The ROBOR 3M calculated for July 3, 2018, is the highest since March 6, 2014, National Bank of Romania (BNR) data show. The 3-month rate rose by 0.03 percentage point from the previous market session.
Compared with the end of 2017, the 3-month index rose by 1.22 percentage point (+60 percent), from 2.05 percent.
The 3-month ROBOR index reached a record low of 0.68 percent in September 2016.
The 6-month ROBOR index increased from 3.29 percent to 3.32 percent on Tuesday, the highest level since May 13, 2014.
Romania’s money market interest rates daily average “rose more than threefold since the beginning of the year and which are now trading at 75 bps above the monetary policy rate which is supposed to be their anchor,” Erste Group analysts said on Tuesday in a short research note.
“Of course, some tax or dividend payments or other Treasury operations (including retail bonds issuance?) may have also had an influence, but the disappearance of 16 bln RON worth of liquidity surplus in a matter of 2 months cannot be fully explained by those. We therefore have no choice but to suspect central bank interventions in the FX market,” they added.
On May 7, Romania’s central bank raised the monetary interest rate from 2.25 percent to 2.5 percent, the highest level since February 2015, in line with economists’ expectations, who see the decision as a consequence of upward revision of the inflation forecast.
The next central bank’s policy meeting is scheduled on Wednesday.
“Tomorrow’s monetary policy meeting will probably be a close or in any case a difficult call, with the NBR looking at a complicated picture, both domestically and externally.
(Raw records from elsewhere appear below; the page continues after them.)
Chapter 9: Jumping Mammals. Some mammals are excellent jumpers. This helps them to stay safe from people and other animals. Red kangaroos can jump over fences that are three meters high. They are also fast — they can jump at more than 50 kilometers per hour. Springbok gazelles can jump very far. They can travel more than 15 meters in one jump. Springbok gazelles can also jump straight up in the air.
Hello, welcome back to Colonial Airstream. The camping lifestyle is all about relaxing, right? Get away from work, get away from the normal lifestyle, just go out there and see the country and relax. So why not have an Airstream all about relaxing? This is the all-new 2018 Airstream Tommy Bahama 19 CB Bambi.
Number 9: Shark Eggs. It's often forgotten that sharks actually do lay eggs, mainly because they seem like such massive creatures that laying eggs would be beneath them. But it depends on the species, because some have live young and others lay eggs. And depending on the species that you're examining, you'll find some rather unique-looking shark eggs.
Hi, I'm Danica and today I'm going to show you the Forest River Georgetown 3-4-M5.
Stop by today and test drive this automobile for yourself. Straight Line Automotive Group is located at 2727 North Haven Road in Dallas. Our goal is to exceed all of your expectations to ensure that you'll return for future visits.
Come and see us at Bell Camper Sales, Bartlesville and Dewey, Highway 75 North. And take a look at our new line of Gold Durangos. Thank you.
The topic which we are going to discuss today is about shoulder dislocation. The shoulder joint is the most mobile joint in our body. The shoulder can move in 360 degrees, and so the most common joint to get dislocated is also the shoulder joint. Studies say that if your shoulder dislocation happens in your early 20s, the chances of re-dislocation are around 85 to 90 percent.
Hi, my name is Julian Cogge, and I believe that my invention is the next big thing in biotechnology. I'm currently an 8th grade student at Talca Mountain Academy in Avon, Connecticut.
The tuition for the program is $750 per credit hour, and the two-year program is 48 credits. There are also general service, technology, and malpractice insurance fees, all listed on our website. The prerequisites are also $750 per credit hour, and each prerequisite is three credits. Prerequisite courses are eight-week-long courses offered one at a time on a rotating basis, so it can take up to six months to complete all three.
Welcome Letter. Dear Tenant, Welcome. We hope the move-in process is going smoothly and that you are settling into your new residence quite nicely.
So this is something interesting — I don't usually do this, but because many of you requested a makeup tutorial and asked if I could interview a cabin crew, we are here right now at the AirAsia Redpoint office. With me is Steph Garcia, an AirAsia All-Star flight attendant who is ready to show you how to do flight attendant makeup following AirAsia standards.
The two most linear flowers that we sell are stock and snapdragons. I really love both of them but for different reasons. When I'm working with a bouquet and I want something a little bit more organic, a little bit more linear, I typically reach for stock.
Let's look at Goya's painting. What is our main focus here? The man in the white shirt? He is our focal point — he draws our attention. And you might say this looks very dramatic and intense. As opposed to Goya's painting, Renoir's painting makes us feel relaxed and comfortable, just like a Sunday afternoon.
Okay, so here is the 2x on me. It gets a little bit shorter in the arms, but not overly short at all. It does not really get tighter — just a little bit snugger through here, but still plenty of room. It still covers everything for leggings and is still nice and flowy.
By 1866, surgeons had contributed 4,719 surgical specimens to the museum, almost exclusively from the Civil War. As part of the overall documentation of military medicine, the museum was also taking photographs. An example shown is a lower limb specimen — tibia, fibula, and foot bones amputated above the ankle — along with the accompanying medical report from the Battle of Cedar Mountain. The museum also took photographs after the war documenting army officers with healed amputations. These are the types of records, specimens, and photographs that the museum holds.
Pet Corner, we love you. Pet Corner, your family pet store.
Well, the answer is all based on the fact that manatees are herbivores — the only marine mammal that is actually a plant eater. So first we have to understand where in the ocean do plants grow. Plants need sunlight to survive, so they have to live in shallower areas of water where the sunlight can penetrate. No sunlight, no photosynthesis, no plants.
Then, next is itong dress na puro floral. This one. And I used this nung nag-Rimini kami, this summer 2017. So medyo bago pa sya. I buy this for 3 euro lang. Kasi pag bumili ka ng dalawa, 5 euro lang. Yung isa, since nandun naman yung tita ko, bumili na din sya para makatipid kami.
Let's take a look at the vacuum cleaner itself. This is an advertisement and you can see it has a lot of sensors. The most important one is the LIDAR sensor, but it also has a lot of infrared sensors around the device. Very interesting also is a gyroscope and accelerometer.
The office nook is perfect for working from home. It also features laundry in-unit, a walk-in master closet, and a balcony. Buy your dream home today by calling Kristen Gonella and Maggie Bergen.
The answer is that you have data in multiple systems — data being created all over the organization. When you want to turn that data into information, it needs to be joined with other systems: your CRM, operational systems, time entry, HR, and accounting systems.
On the domestic front, supply-side inflation pressures are yet to ease, threatening to boost inflation expectations further, while on the other hand the economic boom seems to be cooling off somewhat, lessening the need to step up tightening measures,” Erste Group analysts say.
Romania’s central bank also had weekly open market operations during the last couple of months, absorbing excess liquidity in the market. On Monday, Romania’s central bank did not absorb liquidity through one-week deposit tender.